**Task to carry out:**
The answer should contain all of the data, retyped without any alteration.

Data extracted from a collection
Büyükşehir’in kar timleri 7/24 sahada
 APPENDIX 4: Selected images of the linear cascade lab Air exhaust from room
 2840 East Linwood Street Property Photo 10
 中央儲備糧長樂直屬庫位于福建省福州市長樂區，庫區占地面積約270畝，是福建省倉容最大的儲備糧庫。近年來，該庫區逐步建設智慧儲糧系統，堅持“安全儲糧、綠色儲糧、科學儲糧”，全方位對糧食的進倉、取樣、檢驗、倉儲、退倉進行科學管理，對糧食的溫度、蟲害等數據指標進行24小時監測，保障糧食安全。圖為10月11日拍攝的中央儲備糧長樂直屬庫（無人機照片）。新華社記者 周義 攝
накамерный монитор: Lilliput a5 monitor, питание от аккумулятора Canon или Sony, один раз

**Written response:**
Büyükşehir’in kar timleri 7/24 sahada
 APPENDIX 4: Selected images of the linear cascade lab Air exhaust from room
 2840 East Linwood Street Property Photo 10
 中央儲備糧長樂直屬庫位于福建省福州市長樂區，庫區占地面積約270畝，是福建省倉容最大的儲備糧庫。近年來，該庫區逐步建設智慧儲糧系統，堅持“安全儲糧、綠色儲糧、科學儲糧”，全方位對糧食的進倉、取樣、檢驗、倉儲、退倉進行科學管理，對糧食的溫度、蟲害等數據指標進行24小時監測，保障糧食安全。圖為10月11日拍攝的中央儲備糧長樂直屬庫（無人機照片）。新華社記者 周義 攝
накамерный монитор: Lilliput a5 monitor, питание от аккумулятора Canon или Sony, один раз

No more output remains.